Diversifier les sources d’approvisionnement

Les investissements croissants du Japon dans les minéraux rares en Afrique sont justifiés par un double objectif : sécuriser l’accès à ces minéraux en diversifiant ses sources d’approvisionnement. En ce sens, le Japon ne se différencie pas vraiment des autres grandes puissances qui se bousculent actuellement sur le continent. Comme l’explique notre rédaction dans plusieurs rapports parus sur sa plateforme dédiée aux professionnels (Ecofin Pro), les États-Unis comme l’UE multiplient les investissements dans le secteur minier en Afrique pour limiter leurs dépendances vis-à-vis de la Chine.
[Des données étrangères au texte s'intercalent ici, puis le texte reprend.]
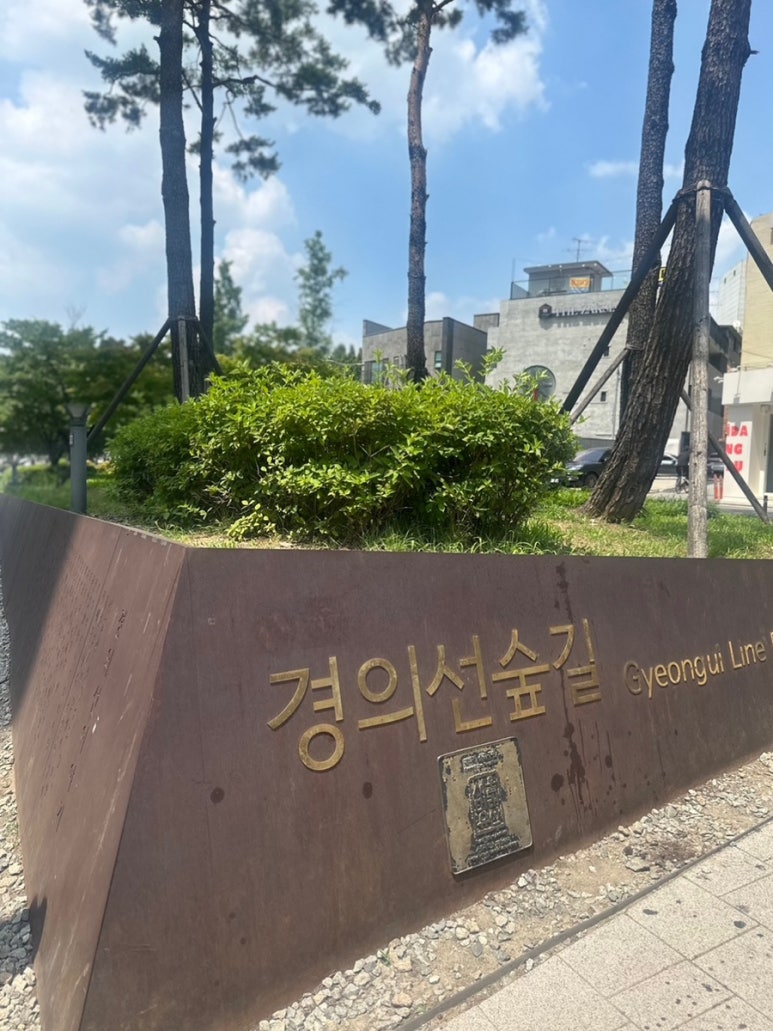 네일꽃피다 이미지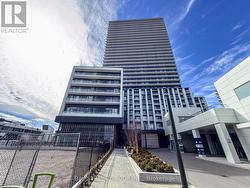 2005 - 5858 YONGE STREET  Toronto, ON M2M 3T3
Dans le cas du Japon, la Chine y est pour beaucoup dans la stratégie de diversification mise en place par l’archipel nippon qui importe presque 100 % des métaux dont ont besoin ses industries pour différentes technologies, allant des véhicules électriques à l’électronique grand public. En 2010, la Chine avait utilisé cette dépendance contre l’archipel nippon et suspendant ses exportations de terres rares vers le Japon suite à un incident diplomatique entre les deux partenaires. Depuis cet incident, Tokyo a investi dans des mines de terres rares à l’étranger, ce qui a aidé à faire passer sa dépendance à la Chine de 90 % à l’époque à 60 % ces dernières années. Pour le gouvernement japonais, la Chine devrait représenter moins de 50 % de ses importations de terres rares d’ici 2025.  

Quel intérêt pour les pays africains ?

L’intérêt croissant du Japon pour les minéraux critiques africains offre des opportunités aux pays du continent, au-delà des accords courants de vente de produits miniers ou d’investissements dans l’extraction. En ce moment, le principal défi pour le continent est d’attirer des investissements importants pour développer localement une chaîne de valeur incluant l’extraction et la transformation des minéraux.

Limitée au statut d’exportateur de minerais bruts, l’Afrique devrait seulement capter 55 milliards de dollars sur un marché global estimé à 8800 milliards d’ici 2025, a estimé en 2024 la BAD dans un rapport sur la chaîne de valeur des batteries et des véhicules électriques.

D’après un autre rapport de Tralac daté de juin 2024, l’Afrique a attiré seulement 2,8 % des investissements directs étrangers alloués dans le monde à la transformation des minéraux critiques entre 2019 et 2023. Sur la même période, le continent a pourtant concentré 35,6 % des IDE mondiaux destinés à l’extraction des minéraux critiques.

Avec la multiplication des partenaires, les gouvernements africains peuvent mieux s’organiser pour capter une part plus importante de ces revenus. Selon un rapport du Centre européen pour la gestion des politiques de développement (ECDPM), la concurrence entre grandes puissances offre en effet au continent l’occasion d’investir davantage dans la transformation locale.

Le Japon n’exclut d’ailleurs pas d’accompagner ce processus, comme en témoigne le protocole d’accord signé l’année dernière avec la Namibie. Il prévoit notamment des études sur la possibilité de faire du pays « une plaque tournante de l’industrie des terres rares en Namibie et dans les pays voisins, en envisageant la création d’une installation de concentration et de séparation en Namibie pour le minerai extrait en Namibie et dans les pays voisins ».